Definition of invariant in English:

invariant

adjective

  • Never changing.

    ‘the pattern of cell divisions was found to be invariant’
    • ‘Among women, the long-term health effects of early parental support also appeared to be relatively invariant, with one exception.’
    • ‘Further analysis of the data revealed the presence of at least two fluorescent species and fitting to a bi-exponential model was performed assuming invariant lifetimes.’
    • ‘Replacement substitutions are extremely variable in rate, ranging from many sites that are essentially invariant to a few that evolve fairly rapidly.’
    • ‘The interactions of the individual dipoles in a magnet do not depend on any particular direction, and their dynamics are rotationally invariant.’
    • ‘Results for ecstasy and traditional hard drug users were highly invariant, but the ecstasy users' rate of previous hard drug use was much higher than that of any other group.’
    • ‘Absence of major oceanographic anomalies in the immediate vicinity of Johnston Atoll may contribute to relatively high and invariant survival in Brown Boobies.’
    • ‘In villages, families throng at the lone hand pump for the stuff: this is a sight that is so invariant in India that you might be forgiven for thinking hand pumps go back to Vedic times.’
    • ‘The results reveal 23 nonsynonymous changes and 127 invariant sites in total in the hinge region.’
    • ‘However, the scholarship of revivals has not emphasised the possibility of significant invariant qualities in appropriated or ‘revived’ folk culture.’
    • ‘Consistent with the close phylogenetic relationships of the species sampled, most nucleotide sites were invariant in pair wise comparisons.’
    • ‘The open time constants are invariant to ligand concentrations, suggesting that ligand binds exclusively to the closed channel.’
    • ‘In contrast, was relatively invariant among populations because the number of segregating sites was largely determined by the presence of both alleles.’
    • ‘Skuladottir and Charnov collaborated on a paper in 2000 predicting that indeed there are invariant rules for sex change and presenting shrimp data to bolster their claim.’
    • ‘As outlined above, we assumed that both environmentally induced variability and colony growth rates were relatively invariant within a population.’
    • ‘For a transactional leader, there are no universal invariant principles, policies, or goals applicable to all situations and at all times.’
    • ‘So looking at whether something makes people happy is largely futile. In statisticians' terms, you are looking for variance in something that is invariant.’
    • ‘As in all mixture problems, this model is not identifiable as the likelihood is invariant under any relabeling of the populations.’
    • ‘One of the diverged phenotypes in cultivated rice is observed in the patterns of coloration due to anthocyanin pigmentation in spite of invariant pigmentation in the wild forms of rice.’
    • ‘All these are invariant in our sequences, of both sets A and B.’
    • ‘This term is invariant to the change in reference genotype that allowed us to derive this equation.’
    unalterable, immutable, invariable, unvarying, invariant, changeless, firm, fixed, hard and fast, cast-iron, set in stone, set, decided, established, permanent, deep-rooted, enduring, abiding, lasting, indestructible, ineradicable, irreversible, unfading, constant, perpetual, eternal, lifelong
    View synonyms

noun

Mathematics
  • A function, quantity, or property that remains unchanged when a specified transformation is applied.

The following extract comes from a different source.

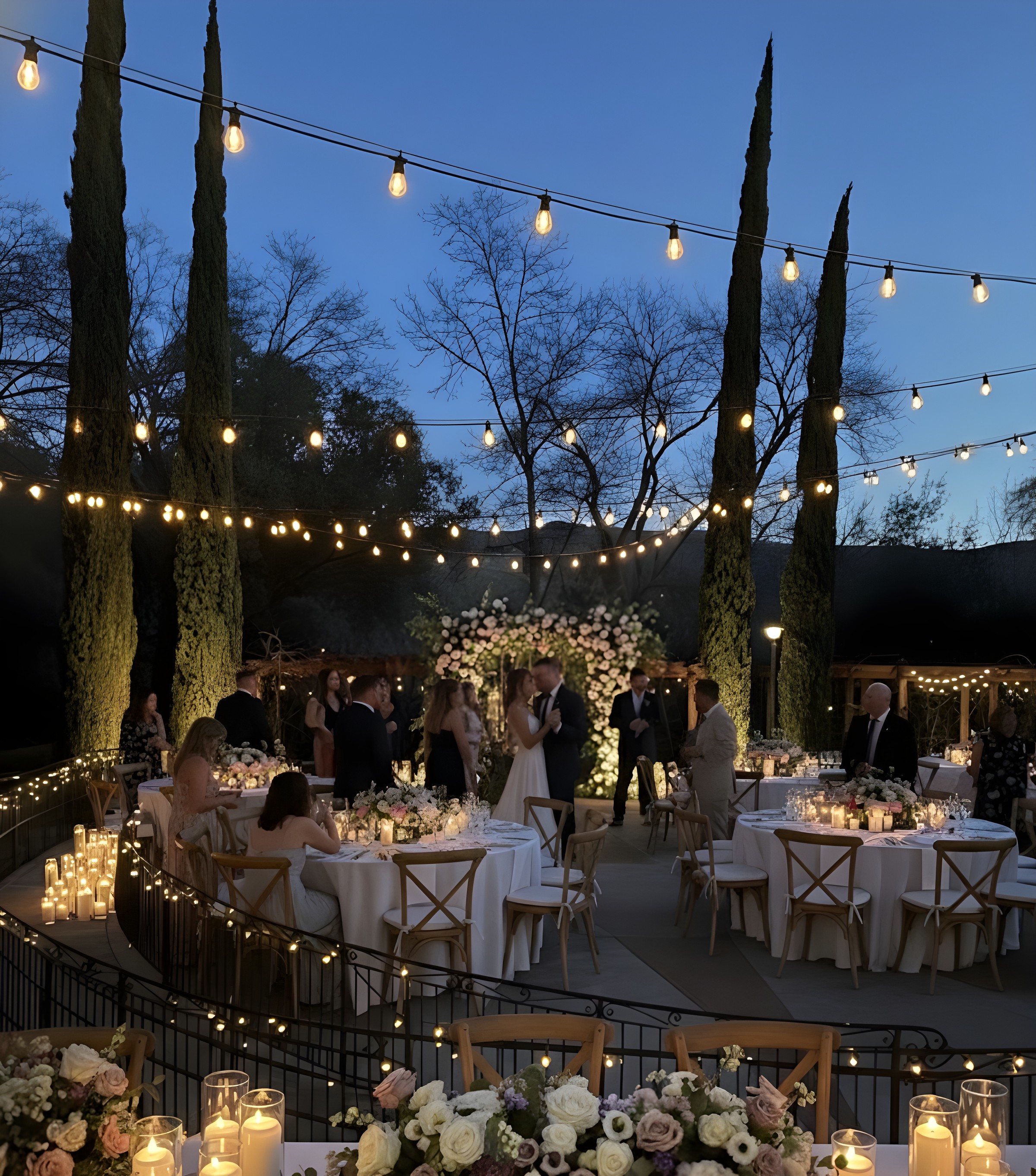 Wedding reception at ELDO — string lights, candlelit tables, floral arch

    • ‘For example, in Euclidean geometry, the relevant invariants are embodied in quantities that are not altered by geometric transformations such as rotations, dilations, and reflections.’
    • ‘Todd generalised the arithmetic genus and the invariants of the canonical system on an algebraic variety to a system of invariants of every codimension.’
    • ‘Also in 1887 Voigt first wrote down the transformations and showed that certain equations were invariant under these transformations.’
    • ‘At Freiburg, he took a course with Oskar Bolza on the theory of invariants, and a course on differential geometry and a history seminar with Alfred Loewy, one of the two professors at Freiburg.’
    • ‘Under their direction he laid the basis for the important work he was later to achieve in the fields of foundations of geometry, projective geometry, topology, differential invariants and spinors.’